Physical Address

304 North Cardinal St.
Dorchester Center, MA 02124

[Ngibul #98] Paman Sekamana dan Sisi Terang Gelap Rwanda

author = Bagus Panuntun

Di penghujung tahun 2018, Bapak Junjungan Umat Kampret Indonesia, Prabowo Subianto, mengeluarkan pernyataan sembrono yang segera saja jadi bola panas terutama di kalangan Umat Cebong. Pernyataan itu kurang lebih berbunyi bahwa tingkat ekonomi negara kita setingkat dengan Haiti dan Rwanda, dua negara di Benua Afrika yang menurutnya tak pernah kita kenal dan ketahui letaknya.

Segera setelah pernyataan itu meluncur, para cebong pun ramai-ramai menyebut Prabowo idiot dengan alasan: Haiti berbeda dengan Rwanda karena Haiti terletak di kepulauan Karibia, sedang Rwanda di Afrika.

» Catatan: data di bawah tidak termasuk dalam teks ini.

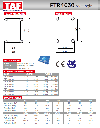 FTR4030 Technical Specification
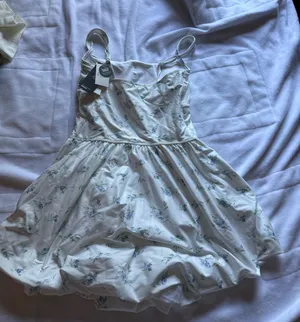 Hollister Athletic dress thumbnail 1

Lalu waktu lewat begitu saja. Perdebatan
soal Haiti-Rwanda hilang tak berbekas. Umat Indonesia, baik cebong maupun kampret, beralih ke
perdebatan yang malah makin ampas, dari tata cara bersuci yang
benar sampai lafadz Allah di atas jidat.

Berbicara soal Rwanda, beberapa waktu lalu ketika sedang berada di Srilanka saya
berkenalan dengan seorang dari negara tersebut bernama Janvier Sekamana. Kebetulan saat itu kami adalah sesama presentator di sebuah forum internasional yang
membahas model
pembangunan desa.

Kami bertemu ketika sedang jamuan makan siang di salah satu restoran di Kolombo. Saat itu di bawah cuaca Srilanka yang terik, ia memakai jas abu-abu gelap. Sebab merasa gerah, ia pun membuka seluruh kancing jasnya dan menampakkan dalaman kaos putih bergambar seorang tokoh yang nampak tak asing bagi saya. Melihat sosok di kaos itu, saya pun menyapanya terlebih dahulu.

“Vous devez être
vraiment fier de votre président
. Je le connais. Paul Kagame, n’est-ce pas?”. Anda pasti sangat bangga
dengan Presiden anda. Saya tahu siapa foto orang di kaos anda. Paul Kagame, bukan?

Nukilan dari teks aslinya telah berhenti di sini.